A day after the fire, the Barre Daily Times expressed optimism that the fire would lead to a new, improved station here, noting:

Now is the time for the Central Vermont and Boston & Maine railroads to get together and build a union station at White River Junction that will be just right. With the old station in ruins, they will have to start over again, and the new project ought to be accomplished with the added features, such as subways to the business streets of the village.

Evidently not everyone shared this hope for the future, though, because a few days later the Times quoted the Springfield Republican of Massachusetts, which had written “Travelers will find waiting at White River Junction, Vt., drearier than ever now that the railroad station has been burned.” To this, the Times added “Nevertheless, they ought to be able to find amusement in delving in the mysteries of antiquity, meaning the ruins of the old station.”

As it turned out, the Republican‘s assessment of the situation proved particularly accurate. For more than 25 years after the fire, passengers had to use a converted freight house as a temporary station, as the two railroads squabbled over the construction of its replacement. The new station, shown here in the present-day photo, was finally completed in 1937. It featured a Colonial Revival exterior that was designed by Jens Fredrick Larson, a noted architect and World War I flying ace who designed much of the campus at nearby Dartmouth College.

Today, more than 80 years after the station opened, the two railroad companies that built it are now long gone, and White River Junction is no longer the major passenger rail hub that it once was.
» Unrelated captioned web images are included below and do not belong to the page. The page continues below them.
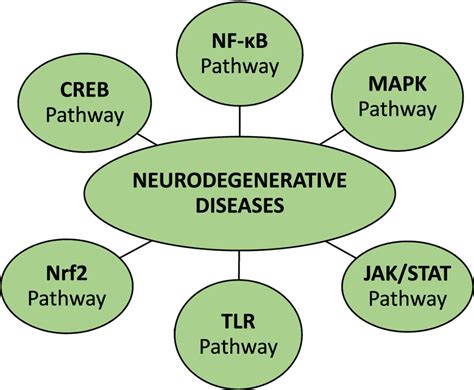 Various cell signaling pathways for neurodegenerative diseases ...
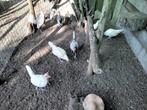 Sebright kippetjes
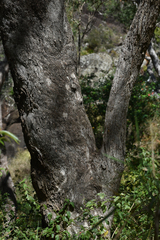 Angophora floribunda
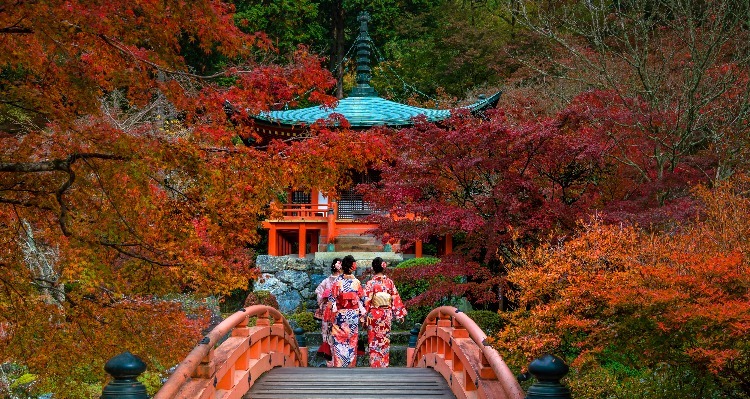 Best And Worst Times To Visit Kyoto In 2024   0c87f11a878a4549a3b25910 Cut 750x400 56 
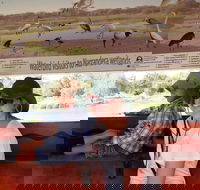 Bird Watching in Narrandera - Sydney 4u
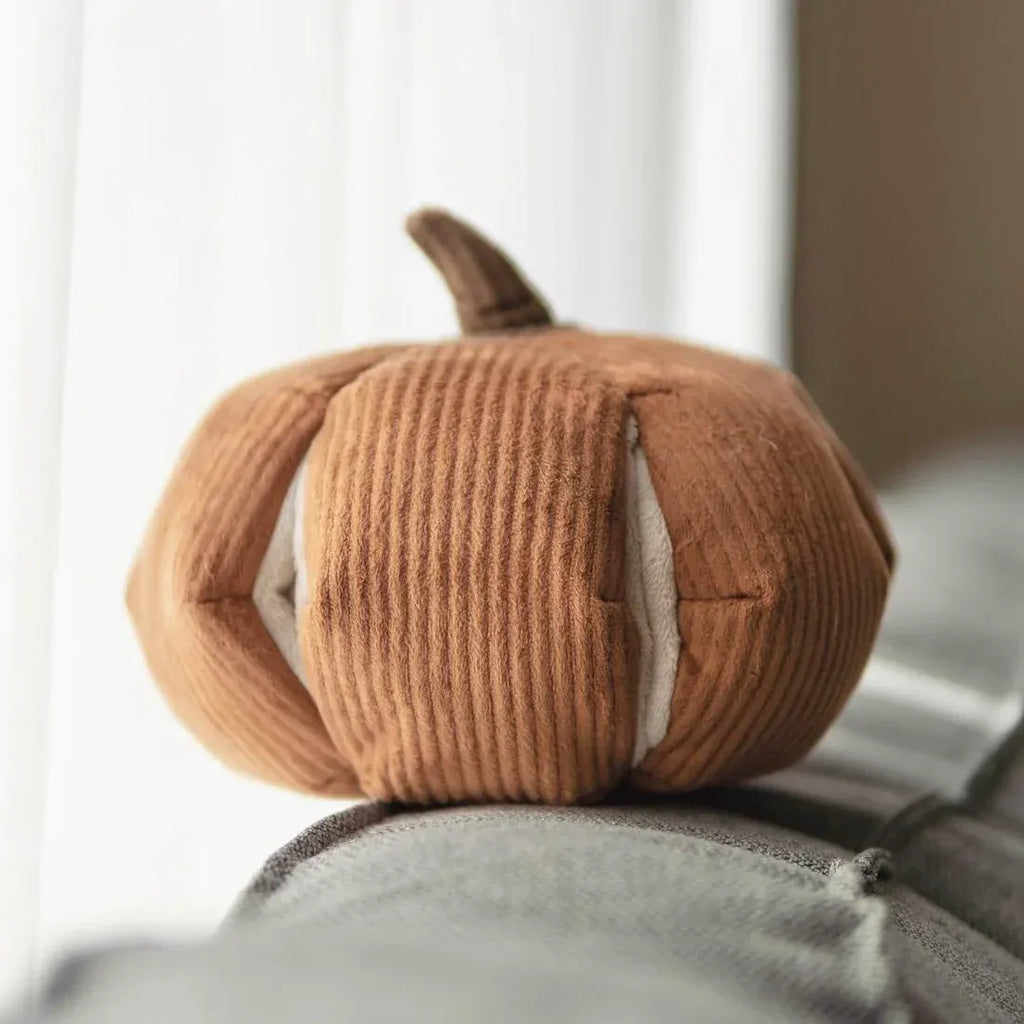 Cinderella Pumpkin Large - Squeaky + Snuffle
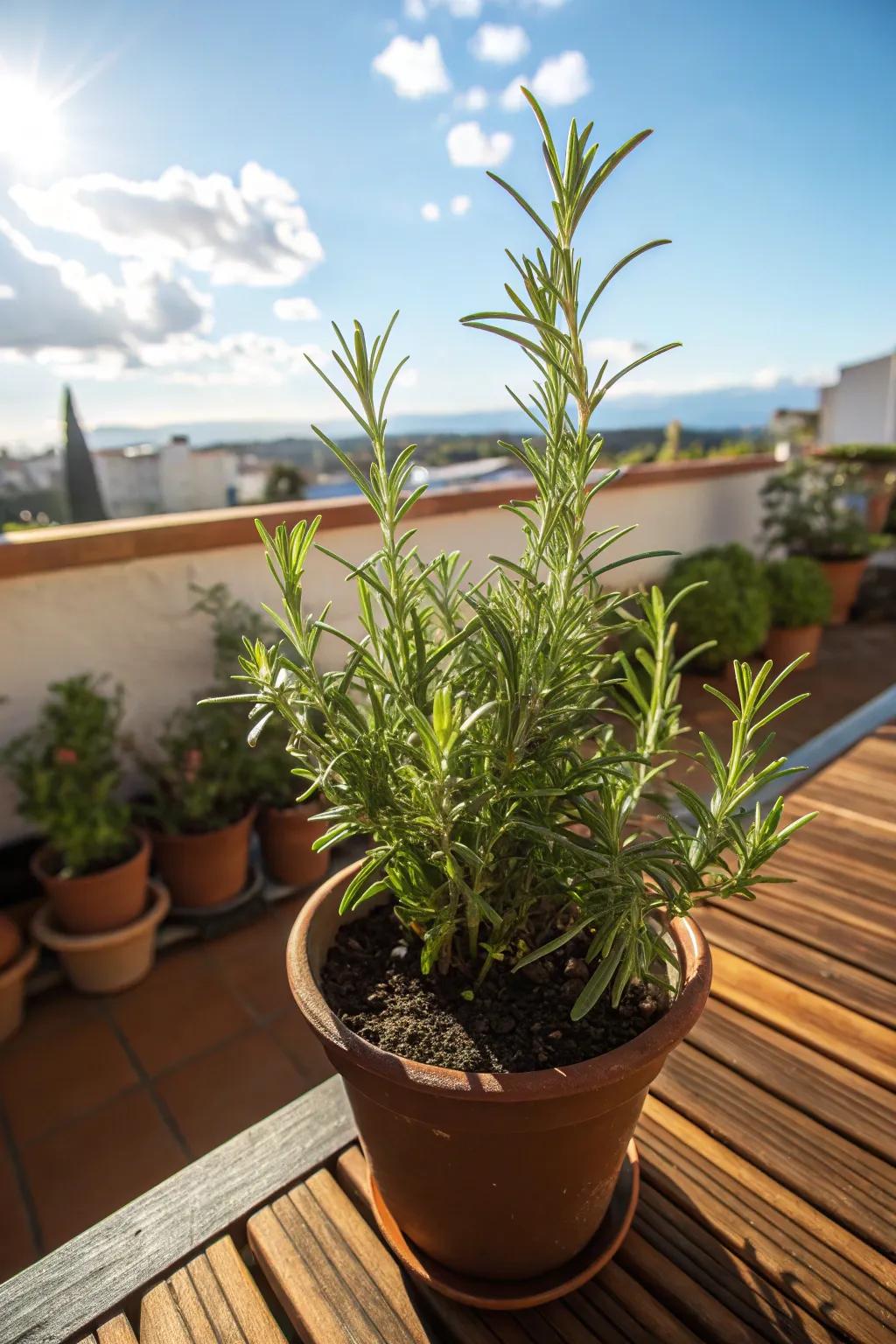 Hardy rosemary thrives in full sun, offering both beauty and utility.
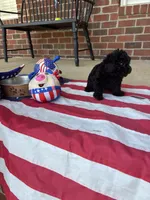 Ralphie, a male Poodle - Toy  for sale in Madison, NC – 8 of 10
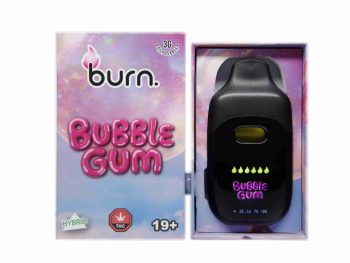 Burn Disposable Vapes - Bubble Gum 3ML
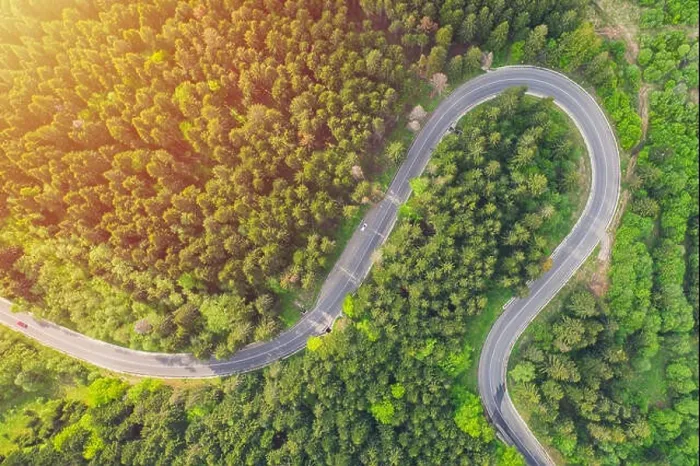 Framed Print : Aerial view of a forest road passing through a fir trees forest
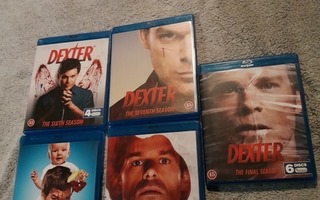 Dexter 4-8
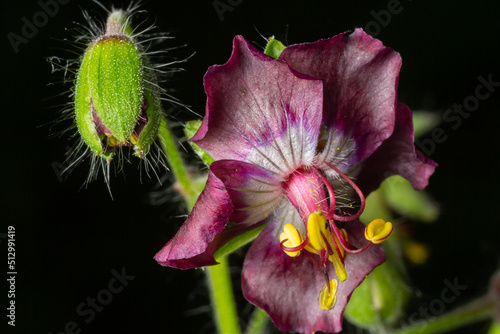 Geranium phaeum, commonly called dusky cranes bill, mourning widow or black widow, is a herbaceous plant species in the family Geraniaceae. Flowers of dusky crane's-bill, Geranium phaeum, macro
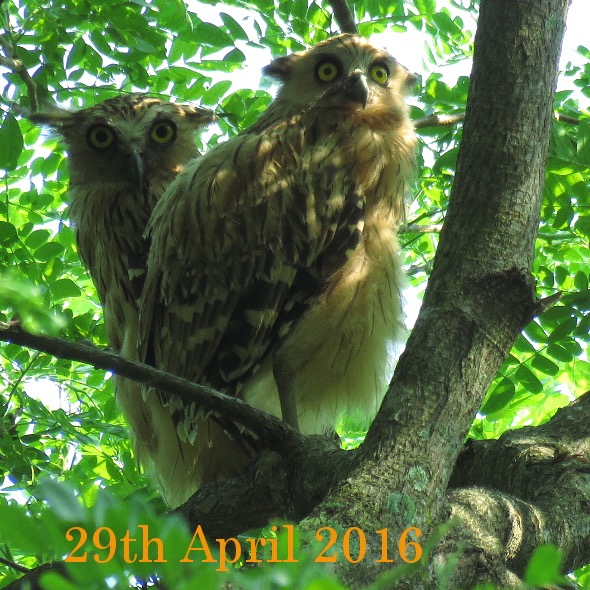 29th April 2016: Buffy Fish Owl Chick and Parent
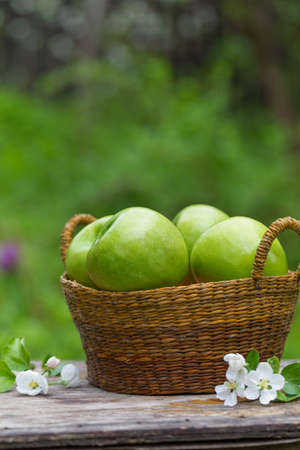 Fresh sweet juicy green apples with flowers on a wooden background in gardenの写真素材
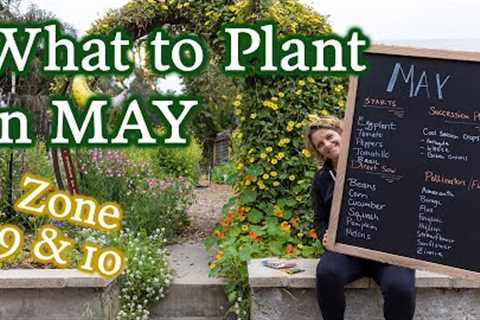 May Planting Guide for Gardeners in Zones 9 & 10 | Vegetable, Herb & Flower Seeds To Start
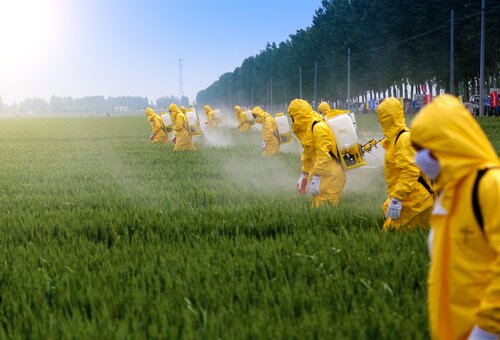 The Effects of Pesticides on the Brain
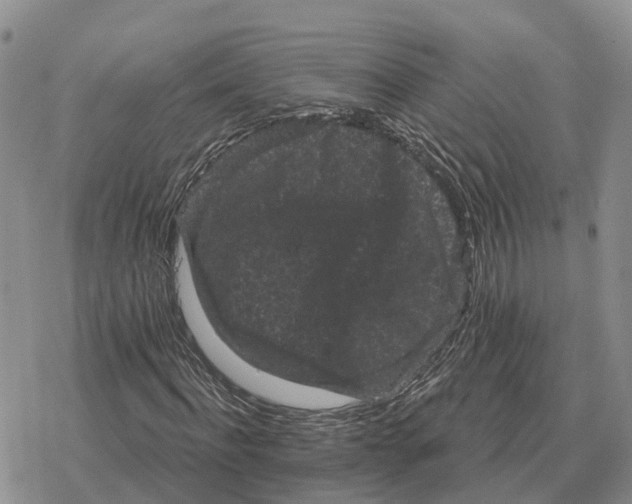 X0000078290916200611251439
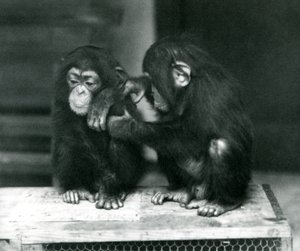 Deux jeunes chimpanzés assis sur une caisse en bois, Zoo de Londres, 1924 - Frederick William Bond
The station is still here, and it remains in active use, although its passenger service is limited to just two daily trains on Amtrak’s Vermonter route, a significant drop from a village that, at its peak, saw up to 50 passenger trains stop here every day.

However, there are remnants of the past here in the present-day scene, including Boston & Maine engine #494, which is visible under the pavilion in front of the station. It was built in 1892 by the Manchester Locomotive Works in New Hampshire, and it remained in use until 1938. A year later it was an exhibit the 1939 World’s Fair, and in 1957 it was donated to the town of Hartford, which eventually restored it and put it on display here. In the 2018 photo, it contrasts with the modern diesel locomotive on the far right, which is operated by the New England Central Railroad, the successor to the Central Vermont.